“I still want to do useful things,” Peter Galbraith explains. He says he wants to help build in Vermont a publicly funded health-care system, for instance, as a model for the nation. But his policy ideas seem preliminary, and it’s hard to avoid the impression that even a fledgling political career is, for Galbraith, simply the best of the available options, and that his mind is still in Afghanistan.
The night before I left, Galbraith had his brother, a few friends, and me over for dinner. It was a boozy meal that started pleasantly and turned grim, when Galbraith and his assistant Tracey Brinson—who had accompanied him to Afghanistan and stayed there after he left—took turns telling what is for Galbraith the emblematic story of Afghanistan, which is the attack on the Bakhtar guesthouse.
Just before dawn on October 28, 2009, Galbraith said, after he’d left the country and a week before the scheduled runoff election, a group of Taliban fighters dressed as Afghan police arrived at the guesthouse in Kabul that housed U.N. election staff. They climbed a fence and began to lob grenades inside. Two security men—one a former U.S. Navy commando named Louis Maxwell—fought them off from the roof for the better part of an hour, permitting most of the U.N. staff to escape, though several were injured and eight people were killed. After the fight was over and the courtyard secured, Maxwell walked outside of the compound, where he was shot dead, likely by a member of the Afghan police.

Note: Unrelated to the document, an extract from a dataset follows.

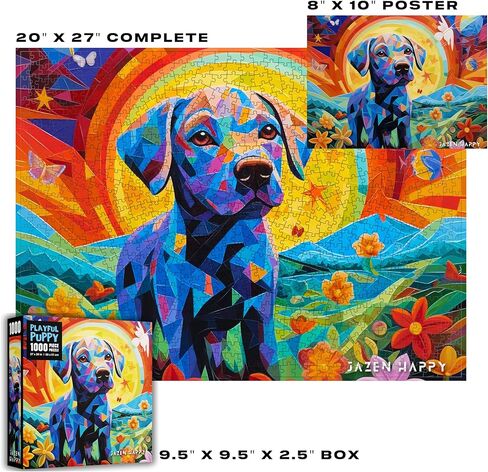 أحجية الصور المقطوعة الصعبة للبالغين والعائلات - 1000 قطعة - جرو مرح - جازن هابي - 27 × 20 بوصة - لغز متضمن in Kuwait
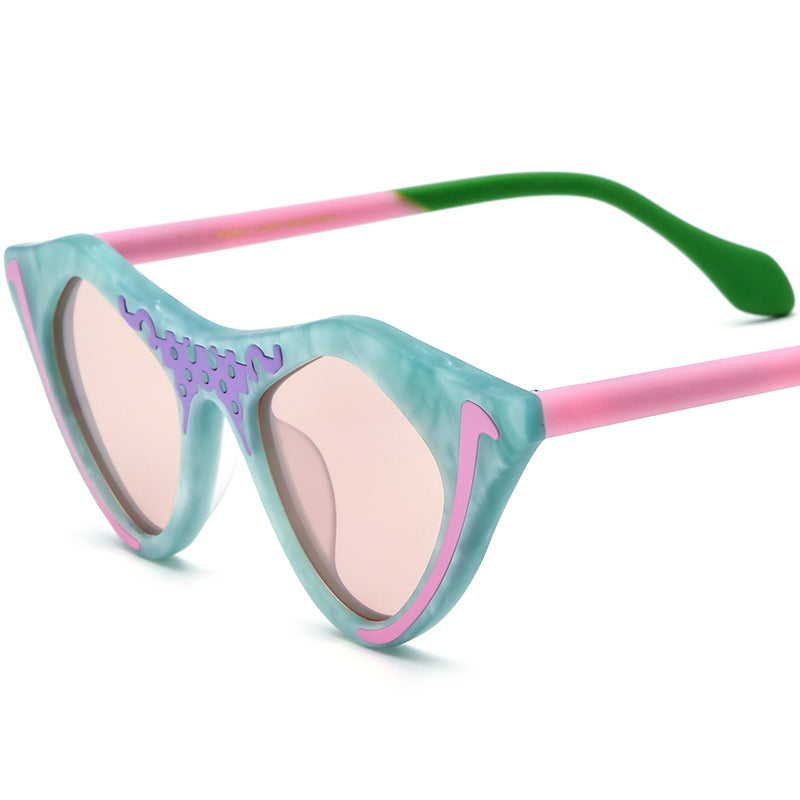 Matte Acetate Cat Eye Polarized Sunglasses Retro - Light Green Pink Lens - MCROONS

The event was depressing in all aspects—the U.N. initially reported that Maxwell had been killed by Taliban, until a German magazine obtained a video of the incident. But to Galbraith it seemed to make plain the folly of a counterinsurgency strategy. “It is impossible to separate the Taliban and the government,” Galbraith said over dinner. “They are the same thing. Without a credibly elected government, there is no place for a tribal leader to go to rat out a Taliban commander. And so a counterinsurgency strategy has no hope.”
At the end of this year, while the U.N. is reviewing Galbraith’s wrongful-termination claim, President Obama will be conducting a review of the Afghanistan surge he authorized last fall. The administration is now spending billions of dollars to build an Afghan state—placing advisers in the ministries, recruiting and counseling judges, organizing and training an army, all the while partnering with a government it suspects is corrupt. To Galbraith, this is the same kind of strategy that failed the Bush administration in Iraq: a quasi-colonial insistence on holding together a country by will alone. And so another form of idealism had supplanted his own.
“You cannot impose on people your own wants,” Galbraith says vigorously, “no matter how much you yourself might want them.” He meant this as a policy lesson, but it is hard not to infer a second meaning, one he missed: that he himself could not impose on the West his own conviction that a principle was at stake, no matter how keenly he felt it.